┌─ LISTED ENTRIES

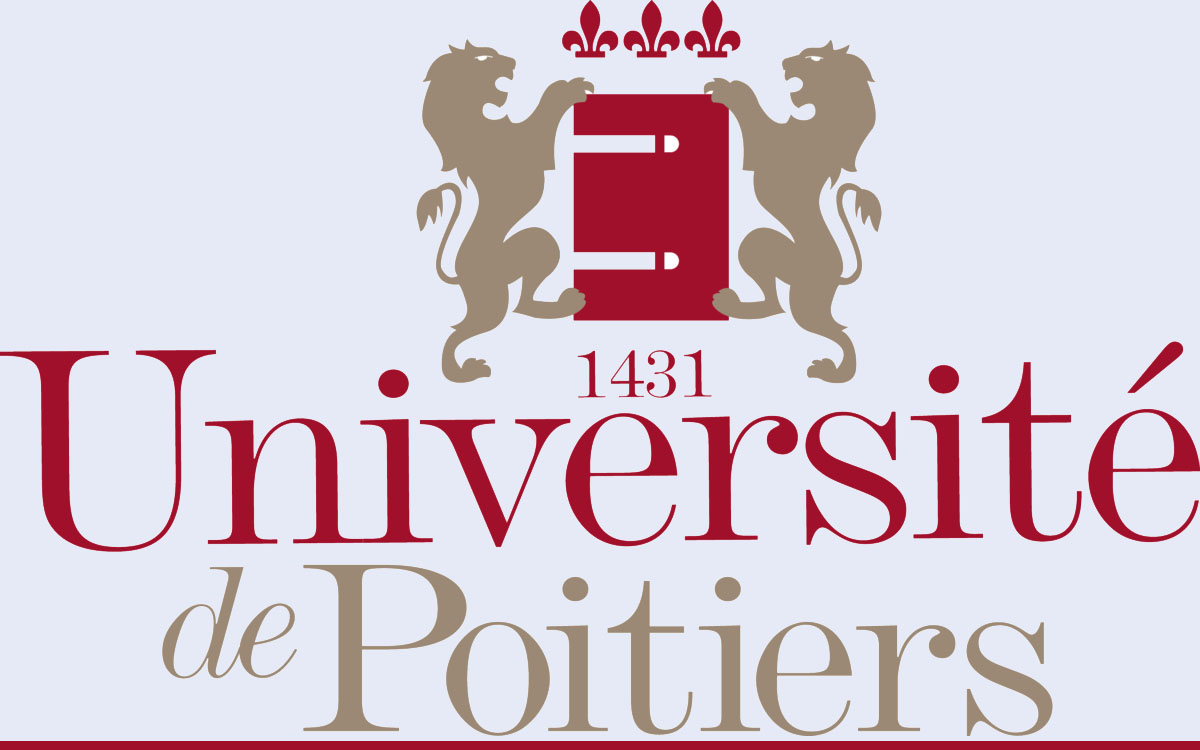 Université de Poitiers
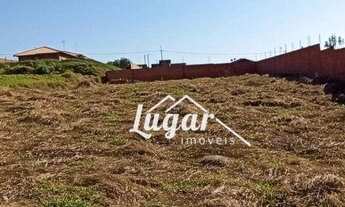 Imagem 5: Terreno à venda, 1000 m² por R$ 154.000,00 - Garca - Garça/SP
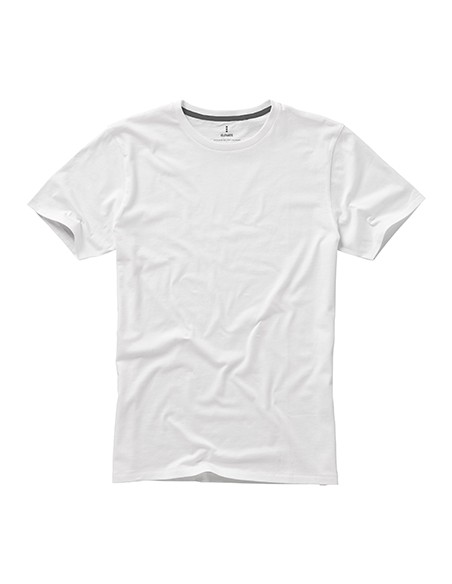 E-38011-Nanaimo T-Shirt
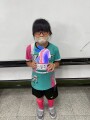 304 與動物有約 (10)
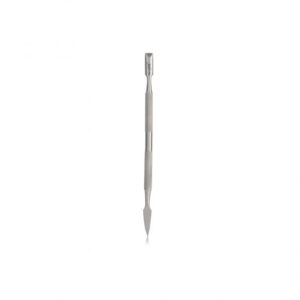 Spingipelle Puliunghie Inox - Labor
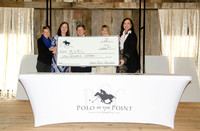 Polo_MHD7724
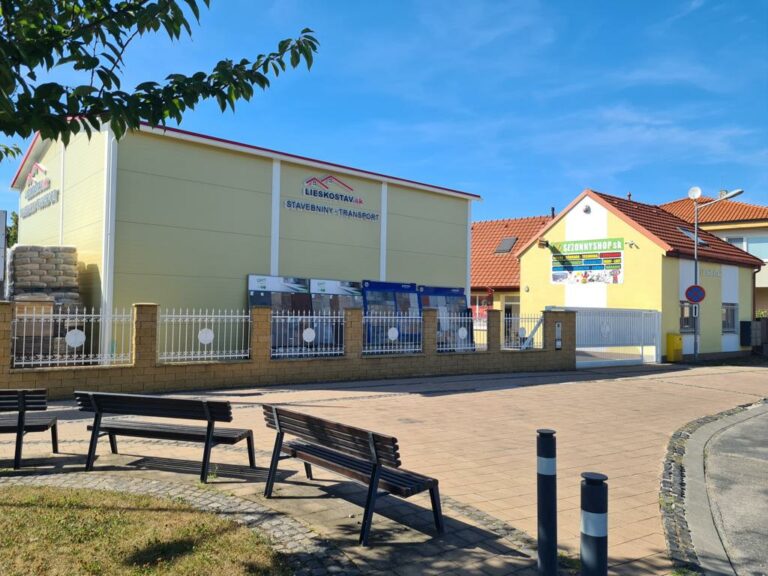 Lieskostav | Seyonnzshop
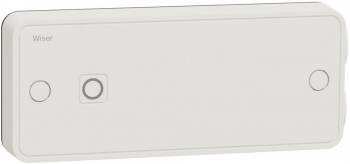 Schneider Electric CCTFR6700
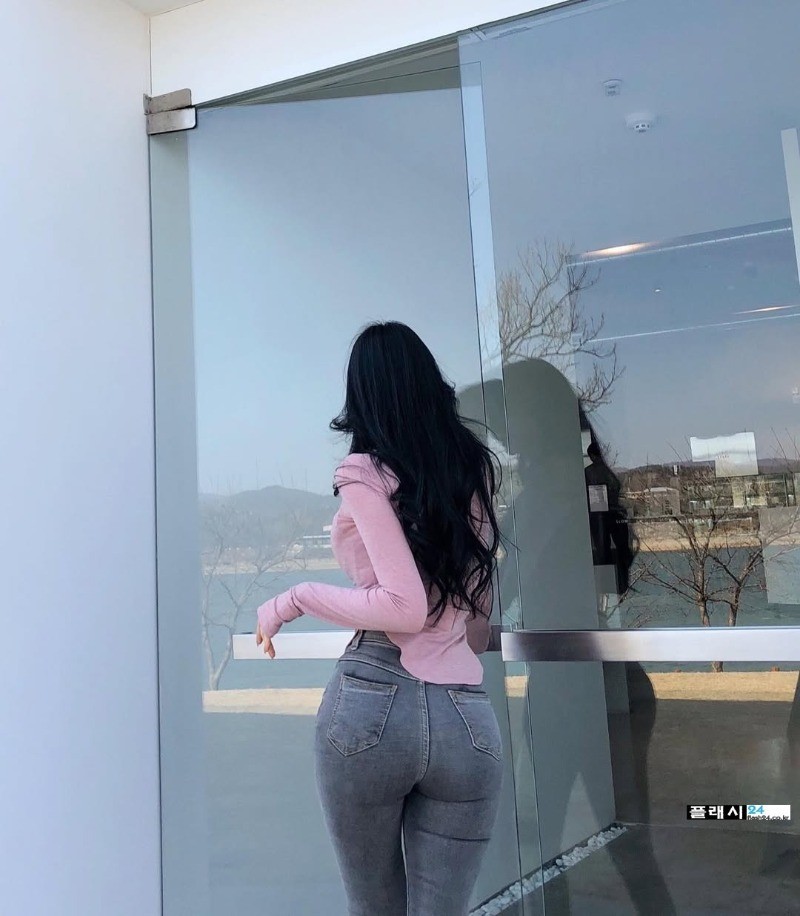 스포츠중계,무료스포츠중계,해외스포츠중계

└─

EXERCISE: The copy you output must match the entries above exactly, except that it has no pictures.

ANSWER SPACE:
 Université de Poitiers
 Imagem 5: Terreno à venda, 1000 m² por R$ 154.000,00 - Garca - Garça/SP
 E-38011-Nanaimo T-Shirt
 304 與動物有約 (10)
 Spingipelle Puliunghie Inox - Labor
 Polo_MHD7724
 Lieskostav | Seyonnzshop
 Schneider Electric CCTFR6700
 스포츠중계,무료스포츠중계,해외스포츠중계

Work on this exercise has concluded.